Segment Start: Records supplied
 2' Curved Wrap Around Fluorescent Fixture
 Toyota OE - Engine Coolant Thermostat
Segment End: Records supplied
Segment Start: Records supplied
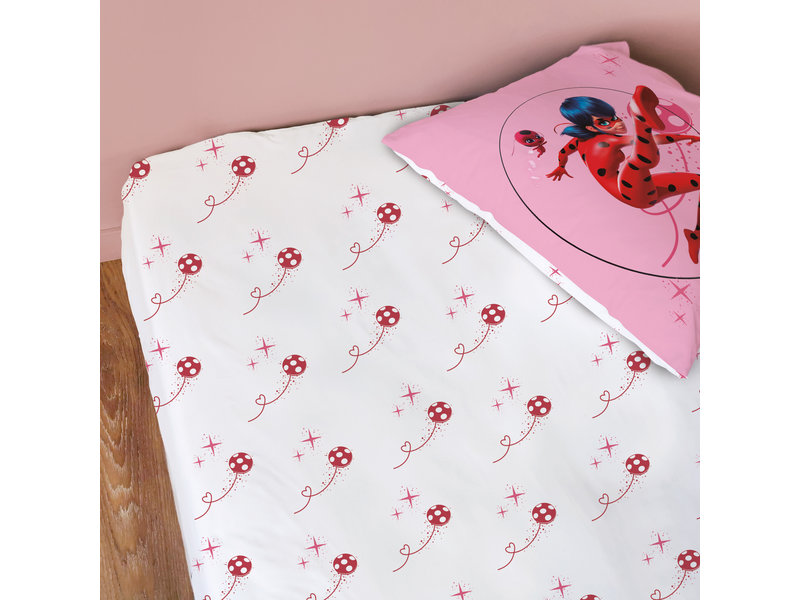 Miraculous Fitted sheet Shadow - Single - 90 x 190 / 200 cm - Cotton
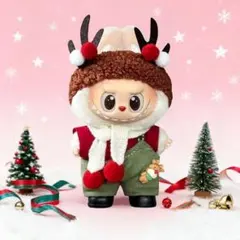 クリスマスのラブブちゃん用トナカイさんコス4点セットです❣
Segment End: Records supplied
Work instructions: In the listing above, find the line containing "2' Curved Wrap Around Fluorescent Fixture" and the line containing "Toyota OE - Engine Coolant Thermostat", then quote both, plus every line between them, exactly as written.

Answer:
 2' Curved Wrap Around Fluorescent Fixture
 Toyota OE - Engine Coolant Thermostat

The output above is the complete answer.